I am very concerned that my sisters will blow all my mom's money through (they pretty much already have it). They are now trying to sell their house, which is worth at least $ 1 million, and I'm worried they will blow that too.
My mom will be on Social Security $ 2,500 a month for the rest of her life, but I don't think my sisters can give her everything she needs considering the house that she put her in alone has cost over $ 3,500 per month.
I love my mother and I fear my narcissistic sisters, who never listen to anyone and are convinced that they are the experts in this and any other situation, are making a huge mistake that they only realize when it is too late – just like when you wouldn't acknowledge our mom was an alcoholic until it was too late.
My question is: are my relatives and my father correct?
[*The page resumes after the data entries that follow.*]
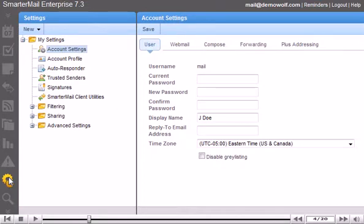On the User tab, you can edit your password, display name, reply to email address, and time zone. Select your time zone from the drop-down menu.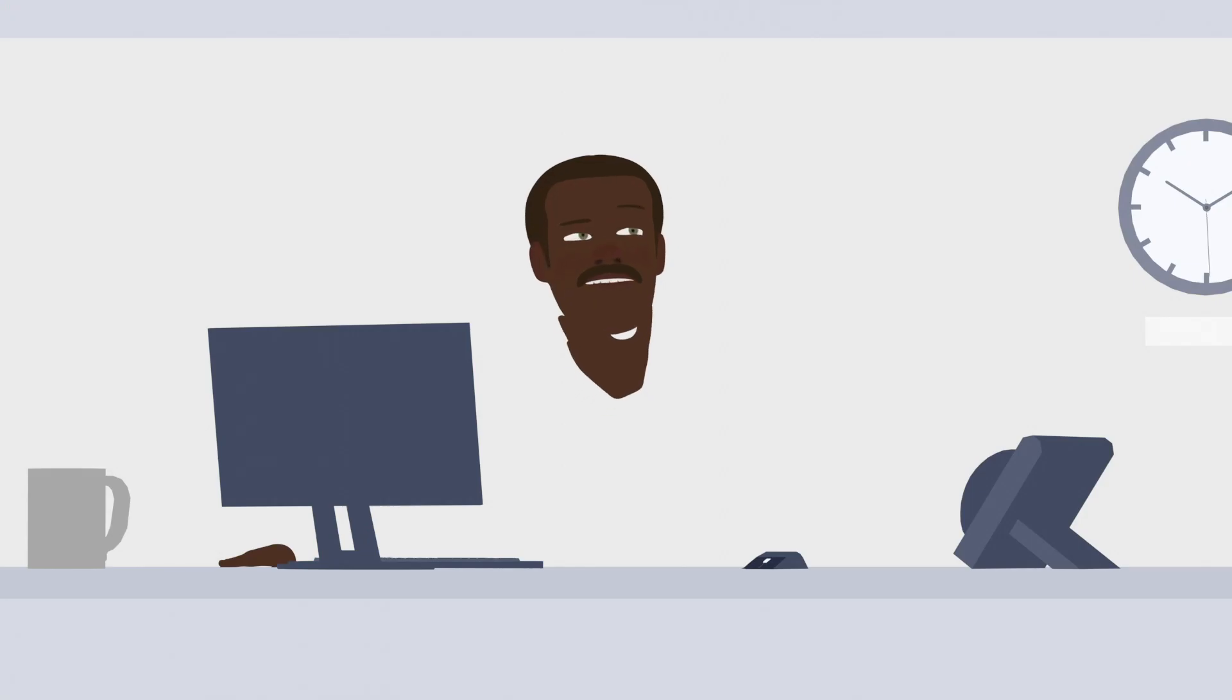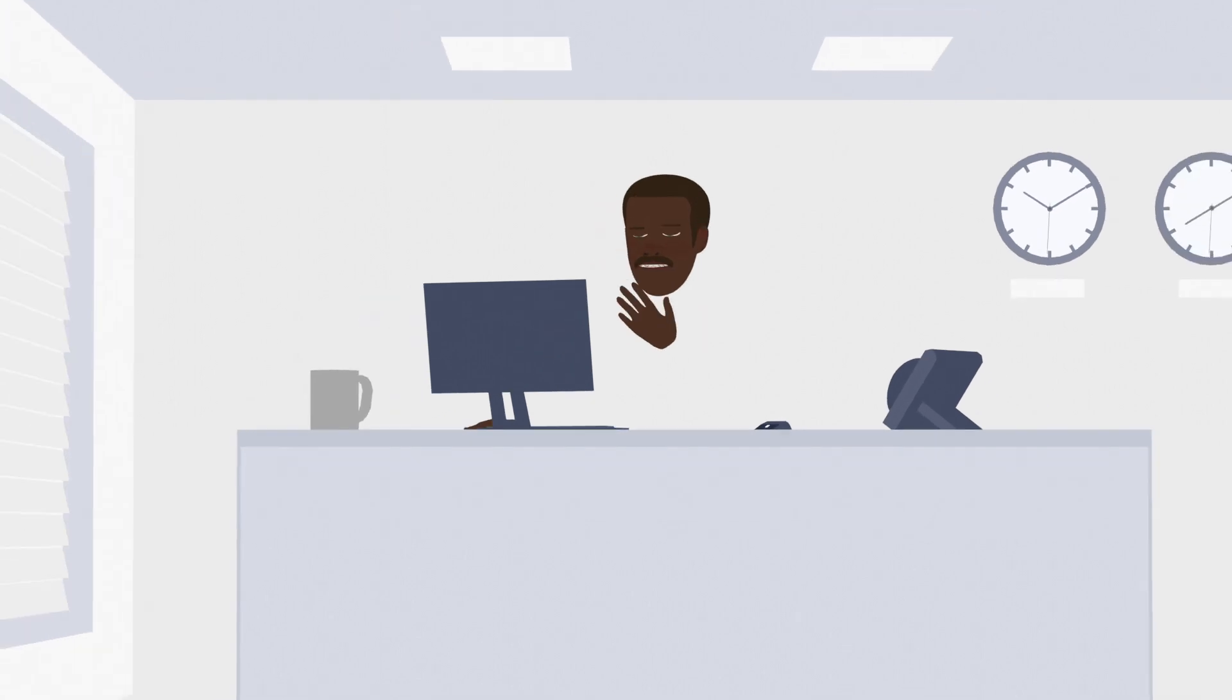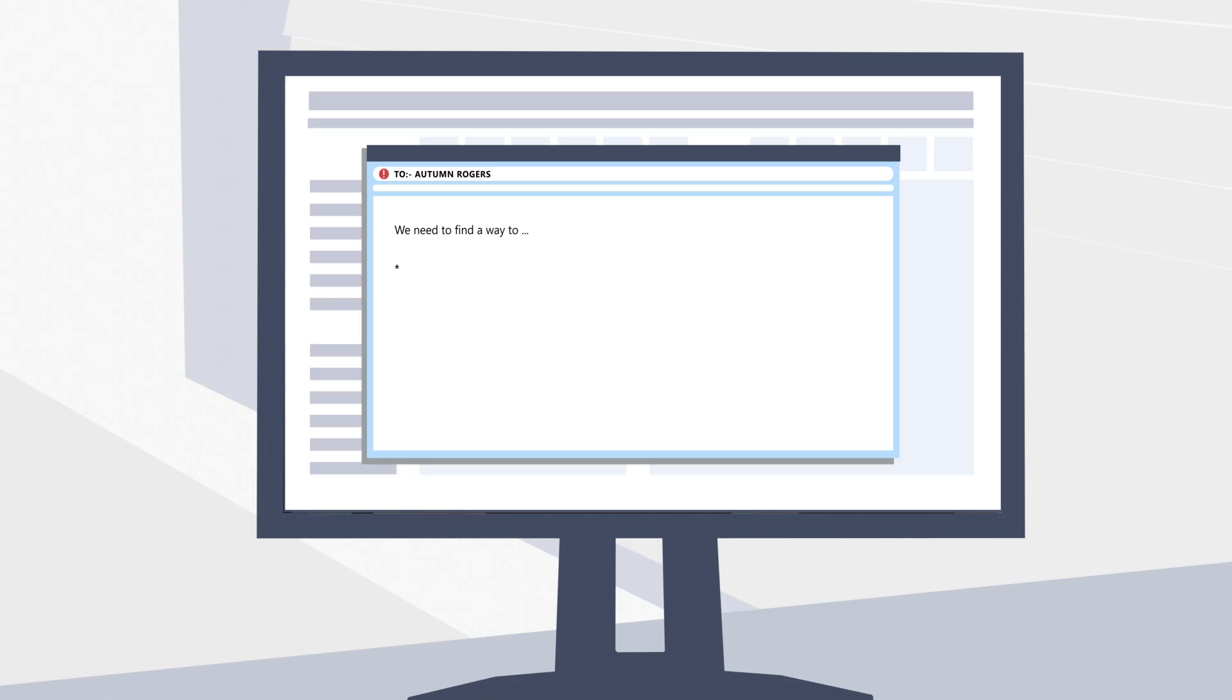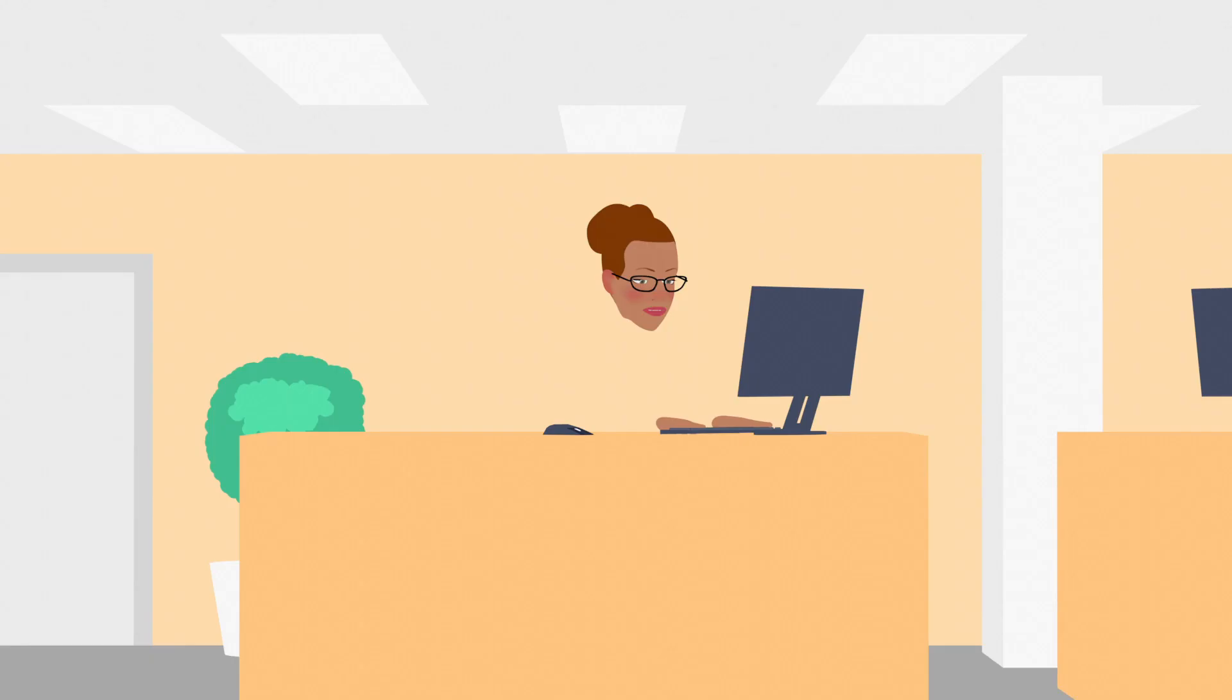Autumn's boss wants her to find a way to protect the confidentiality and integrity of their customers' data. But she has to do this while at the same time delivering high performance connectivity with no increase in latency.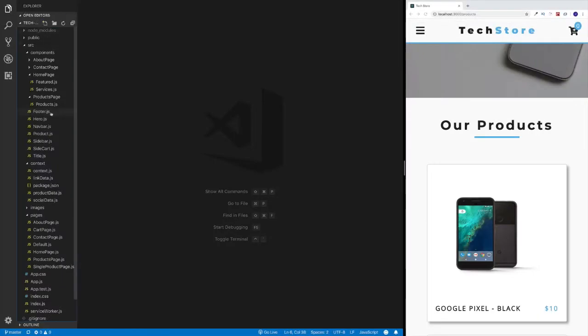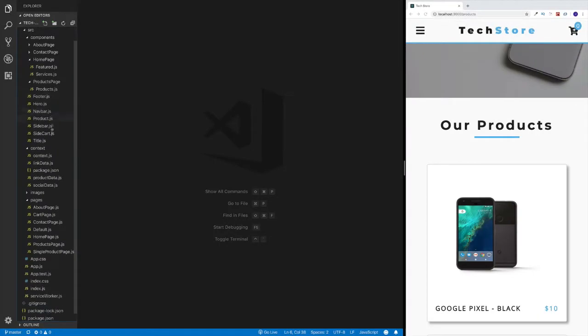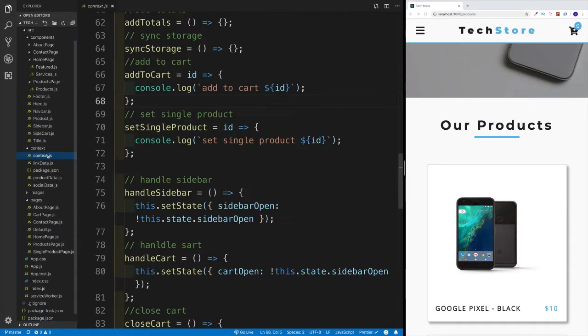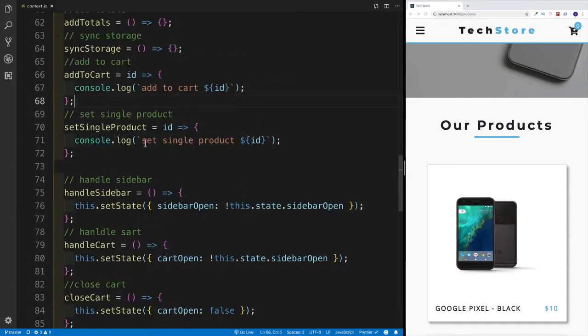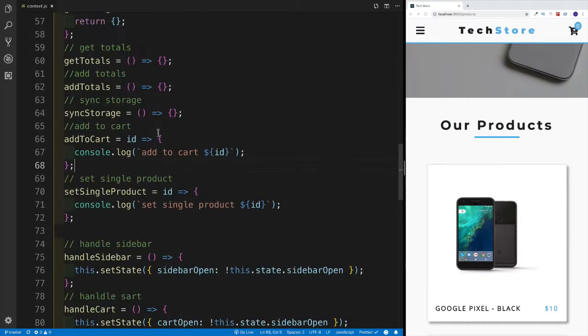We're going to head over to our context, since this is where our logic is at the moment. I'm going to close the sidebar, and now let's start working with the add to cart functionality.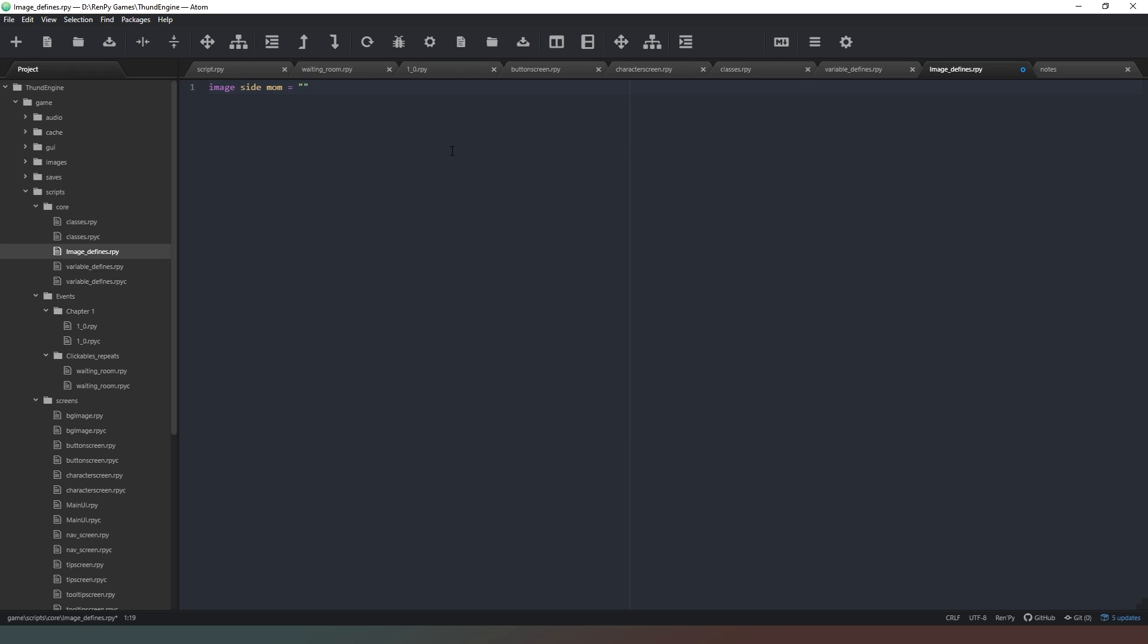So I'm going to go with avatars forward slash mum forward slash, and then for this one I'm going to go mum underscore neutral. This is the name of the file, so put whatever you've saved the file as. Make sure you put that in here. And then remembering that you should have saved it as a PNG file to preserve the transparency of the background, you can save that in there.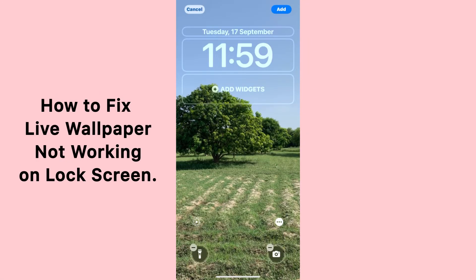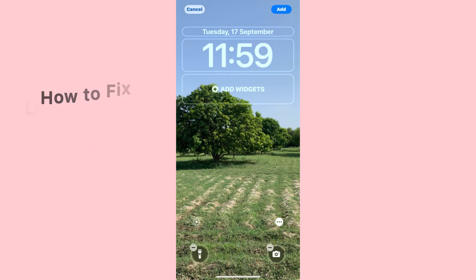Hello everybody, welcome back to my YouTube channel. Today in this video I'm going to teach you how to fix live wallpaper not working on iPhone lock screen. So let's start the video.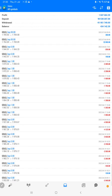So here you can see this is the total profit and deposit withdrawal and the current balance. Each and every detail we can verify it.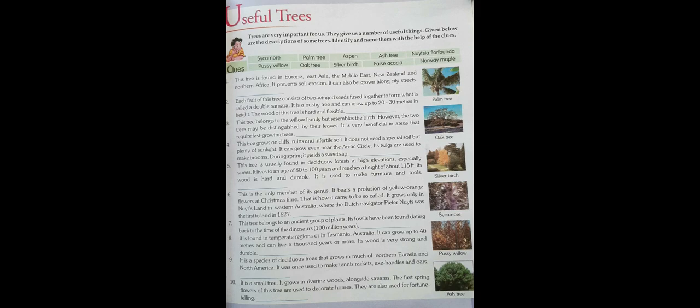Fill the answers in the blanks provided and learn this chapter properly, as exams will be conducted soon. You won't have time to learn all chapters at once, so keep learning — every day, one chapter. Be honest with yourself, learn the chapter, fill the book, and write whatever chapters have been given as homework in your copy as well, in good handwriting. That's all for today. Thank you, children.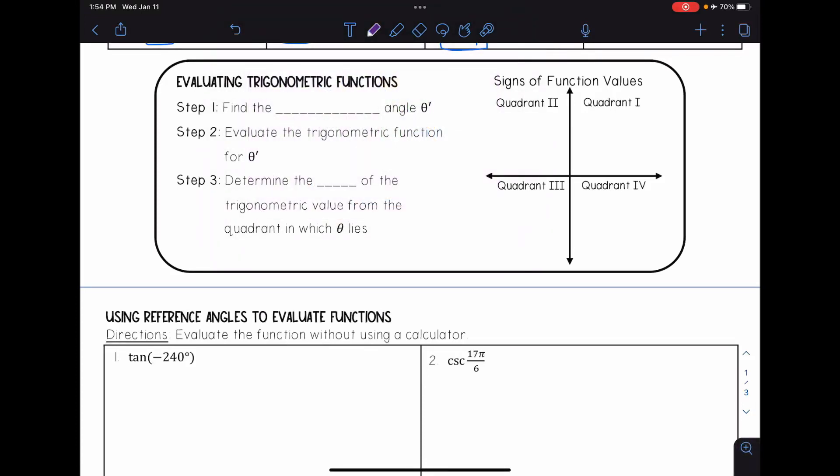In this video we're going to be looking at evaluating trigonometric functions. We can use reference angles and the special values of angles to evaluate trig functions. There are three basic steps: first, find the reference angle theta prime; second, evaluate the trigonometric function for theta prime; and third, determine the sign of the trigonometric value from the quadrant in which theta lies.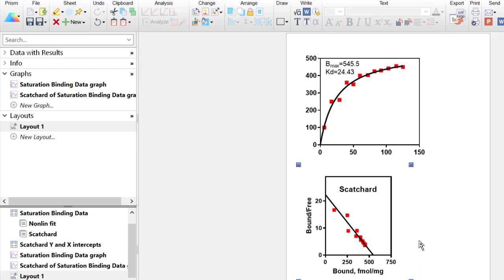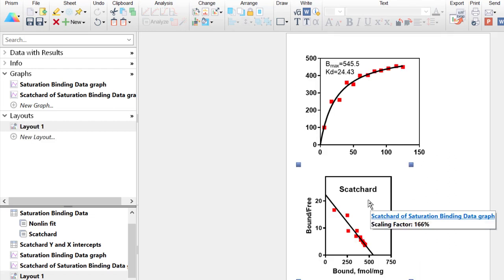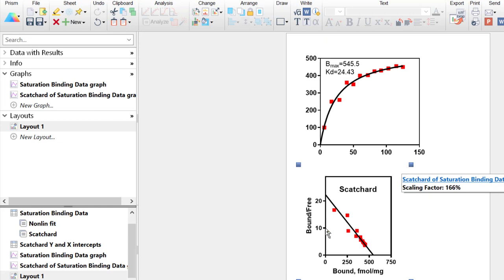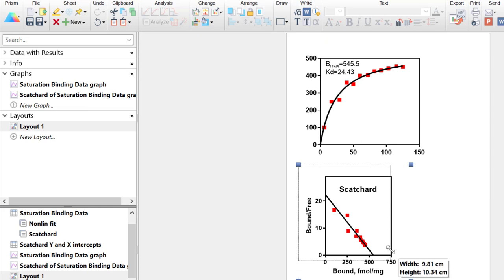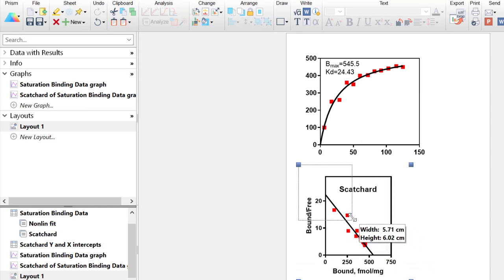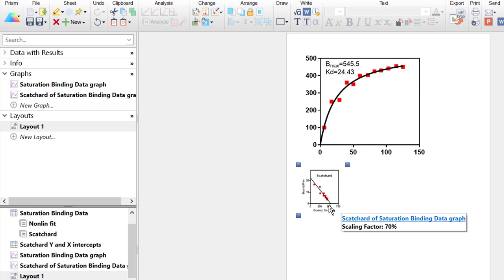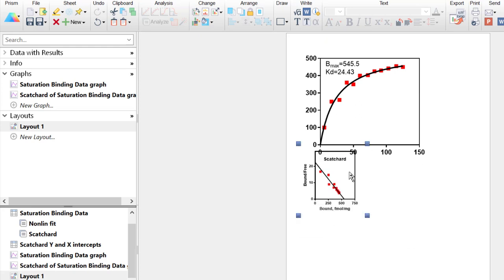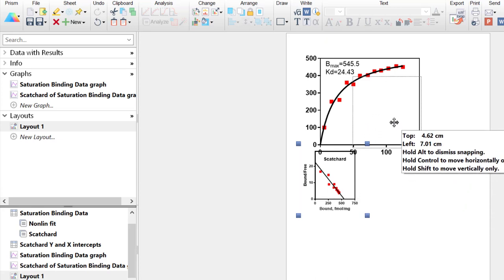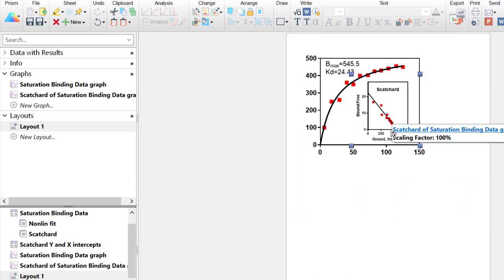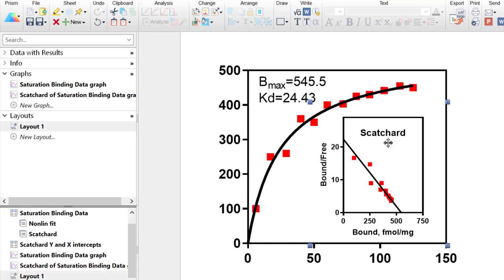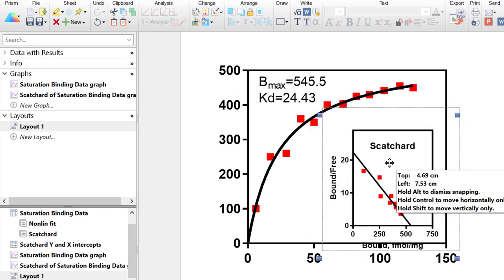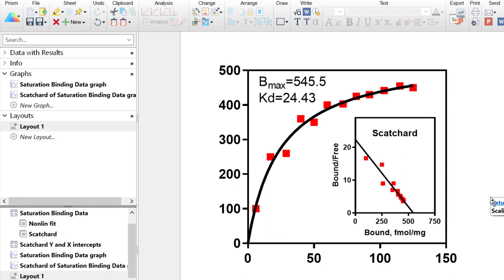Now we have both graphs on the layout page. With the bottom graph selected, four blue squares appear in each corner which I can click and drag to change the size. I'll make the scatterplot a bit smaller and then click and drag it into the empty space of the first graph. Now the two graphs are combined and overlaid to look like a single graph.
Should I just accept that there is nothing I can do and let my sisters spend every penny on my mother and just hope that they can take care of her? Or can I do something to intervene and have a say in my mother's medical treatment and life?
A helpless sister
Helplessness as your mother's capable daughter is just a state of mind. Unfortunately, her mother is in a dependent state. I agree with you that she would have been better off in a nursing home from the start. Given her illness and alcohol addiction, rehab probably wasn't the best place for your mother.
The good news is that your sisters finally found out. The bad news is that money is running out and you need to actively participate in your mother's affairs and not be left out of her life due to the whims of your other two sisters. This is also a cautionary story for people who do not have long-term care insurance.
The dilemma of whether to move an elderly relative, especially a vulnerable one like your mother, to a nursing home is an issue made difficult by the high COVID-19 rate in such homes and the confidence you have in such homes will and on the sites they recommend (or may not).
"You may want to hire a lawyer who specializes in the conservatory and challenge your sisters' powers of attorney or apply to the court to take over the POA."
Return to your description of yourself as helpless. You need support to help and support your mother and ensure that the best decisions are made for her. You may want to hire a lawyer who specializes in the conservatory who will question your sisters' authority, file a petition for your mother's POA in court, or at least become a joint POA.
This gives you the legal leverage to make good decisions and prevent bad ones. When no family member is ready or able to take in your mother, you need to develop a financial plan for home care for your mother. It won't be easy or cheap. Paying money for legal advice can save you money in the long run.
There are also a number of organizations available to advise you on the wisdom of selling this home, how to build a trust in your mother's expenses when you do, and what to do to get financial assistance apply for and / or qualify for it. These organizations include the AARP and the National Family Caregivers Association. There's more here.
They are not going to change your sisters' opinion of you – and while it would likely make your life easier, it shouldn't be the place where you direct your energies or focus. There are too many ad hoc actions and too little planning. However, you can let your voice be heard and make sure your mom is getting the best help she can.